I met Elizabeth Syson during our Freshmen Welcome Weekend at Taylor University. She walked into our dorm with a spikey fauxhawk, rings on every finger, and ripped jeans. She carried a sweatshirt though temperatures outside had been consistently above 90 degrees. Needless to say, she was not the kind of person I had been expecting to meet at my small university in the cornfields.

 

My perception of Elizabeth gradually changed. We became better acquainted through shared classes, and I discovered her witty sense of humor, incredible writing talent, and unique backstory.
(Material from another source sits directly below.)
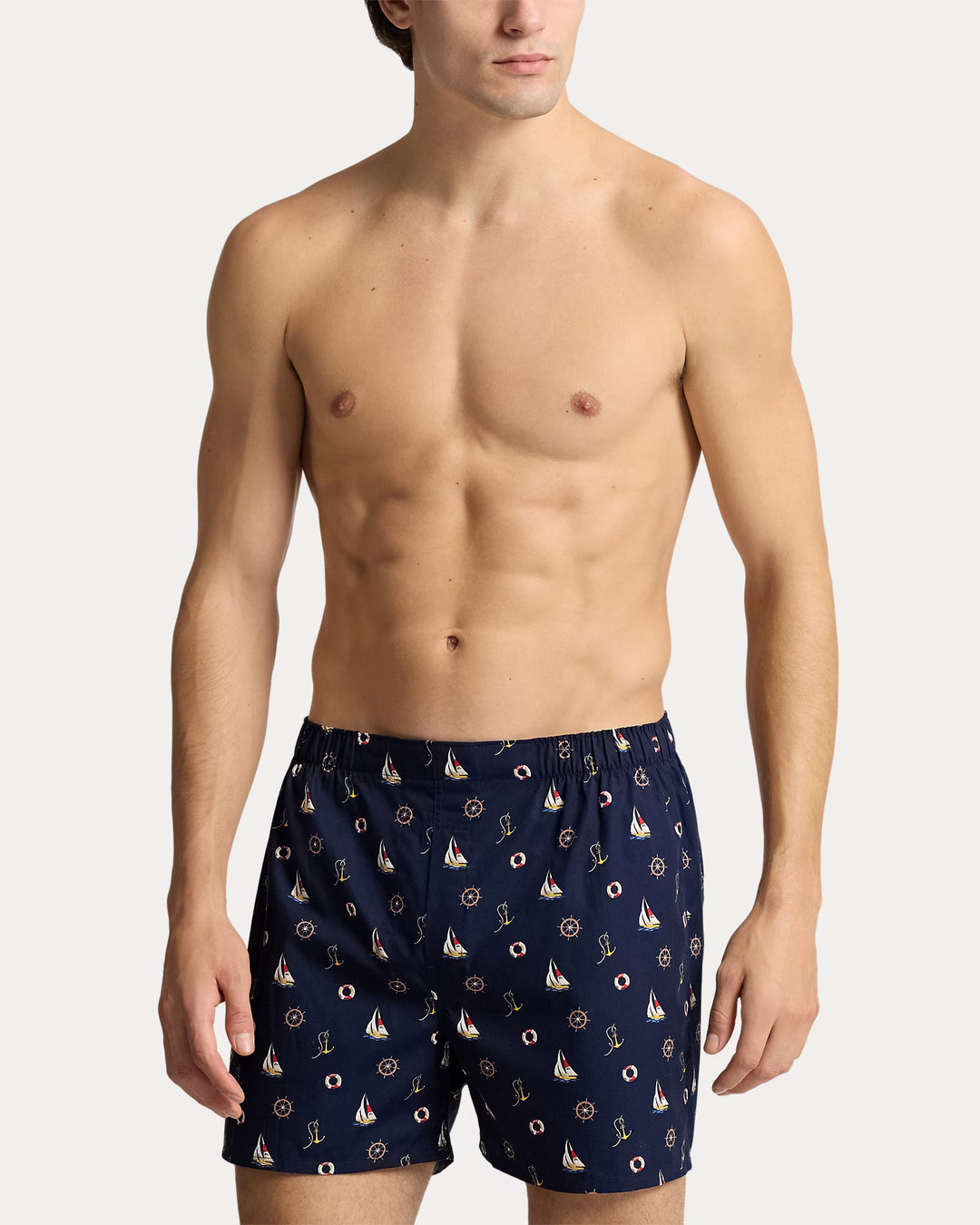 Ralph Lauren Classic Woven Cotton Boxer 3-Pack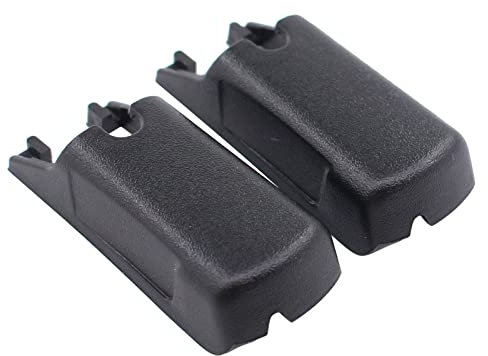 Kappe Wischarm Abdeckkappe Scheibenwischerarm Abdeckung Wischerarmkappe Scheibenwischer Deckel Frontwischerarm vorne links und rechts für A B C E CLA GLC V Klasse W176 W246 W205 W213 Vito W447 X253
The fauxhawk is gone now—replaced by dreadlocks—and the ripped jeans and multitude of rings have been switched around, but the girl wearing them remains the same.

 syson

Elizabeth is a two-sided coin. At first glance, she seems average. She chose Taylor for the Professional Writing program, and like many professional writing majors, she looks forward to a day when she can simply sit and write or read, “to make a hot cup of tea and get comfortable . . . when I don’t have to feel guilty about not doing something.”

 

In her free time, Elizabeth enjoys TV shows like Agents of S.H.I.E.L.D., Criminal Minds, and Doctor Who. She plays the flute and sings. She loves to laugh, and her heart melts at fluffy creatures. She stays up until two in the morning accidentally and spends her first waking moments calculating how long she can ignore her alarm before actually having to get out of bed.

 

Although in many ways she resembles a typical college student, Elizabeth is quite unique. A missionary kid, Elizabeth moved five times before traveling with her family at age seven to Panama. The Sysons moved back to the United States when Elizabeth was eleven, spending a year in Michigan before settling in Arizona. This experience caused her to appreciate things like being able to call family long-distance, having good educational opportunities, and having a caring family. She speaks Spanish conversationally and wonders at the weirdness of being a racial majority again.

 

Her past isn’t the only thing that makes Elizabeth unique. There is a depth and an understanding in the way she looks at things. For example, her favorite superhero is Hawkeye, not because of his talents, but because he’s human. He has flaws, and he gets kicked down and depressed, but, he still comes back to fight for what he loves. “He pretends to have a big ego, but deep down he’s insecure about being human. It’s something I identify with,” Elizabeth says, adding that she is touched by anyone who stands up against the odds.

 

A deep-thinking, cockroach-owning, horseback-riding, swing-dancing lover of words and music, Elizabeth plays with the stereotypes of what a “normal college student” should be. She conforms to normalcy in some respects, but shines with uniqueness in others. Elizabeth is more than her major, more than her hair style, and more than you would ever expect at first glance.